(Dataset entries)

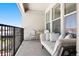 Relax on the inviting balcony, complete with a comfortable daybed, chairs, and a small table at 2851 W 52Nd Ave # 404, Denver, CO 80221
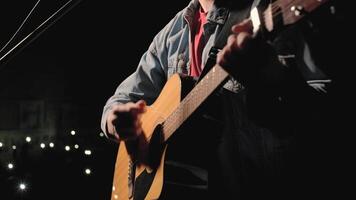 A musician is playing guitar on a large stage with audience members holding flashlights in the background. The auditorium is filled with beautiful flashing lights. 11 video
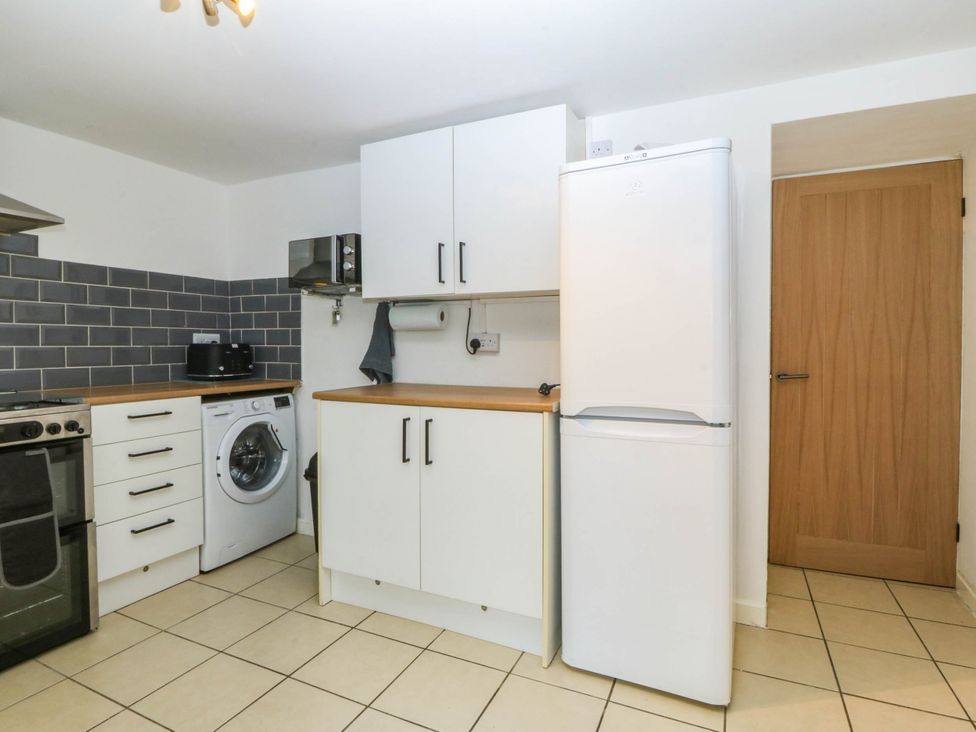 A kitchen with appliances including a fridge and washing machine at Emily Rose Cottage Bangor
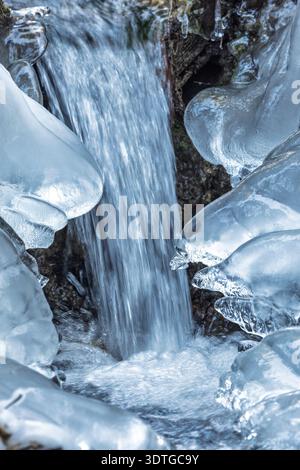 Frosted Waterfall Cascade: Eiskalte Skulpturen umschließen einen kleinen Wasserfall, während das Wasser in einer ruhigen Winterlandschaft hindurchstürzt. Das Wasser ist teilweise f Stockfoto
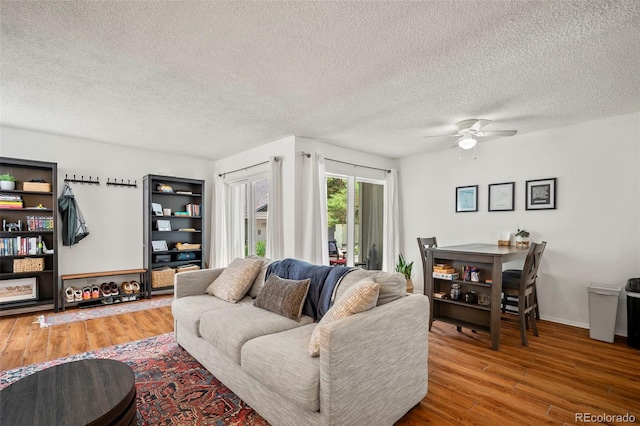 living room with ceiling fan, hardwood / wood-style floors, and a textured ceiling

• _Your task_
With the pictures removed, the entries above should be transcribed exactly.

• _Response for this exercise_
 Relax on the inviting balcony, complete with a comfortable daybed, chairs, and a small table at 2851 W 52Nd Ave # 404, Denver, CO 80221
 A musician is playing guitar on a large stage with audience members holding flashlights in the background. The auditorium is filled with beautiful flashing lights. 11 video
 A kitchen with appliances including a fridge and washing machine at Emily Rose Cottage Bangor
 Frosted Waterfall Cascade: Eiskalte Skulpturen umschließen einen kleinen Wasserfall, während das Wasser in einer ruhigen Winterlandschaft hindurchstürzt. Das Wasser ist teilweise f Stockfoto
 living room with ceiling fan, hardwood / wood-style floors, and a textured ceiling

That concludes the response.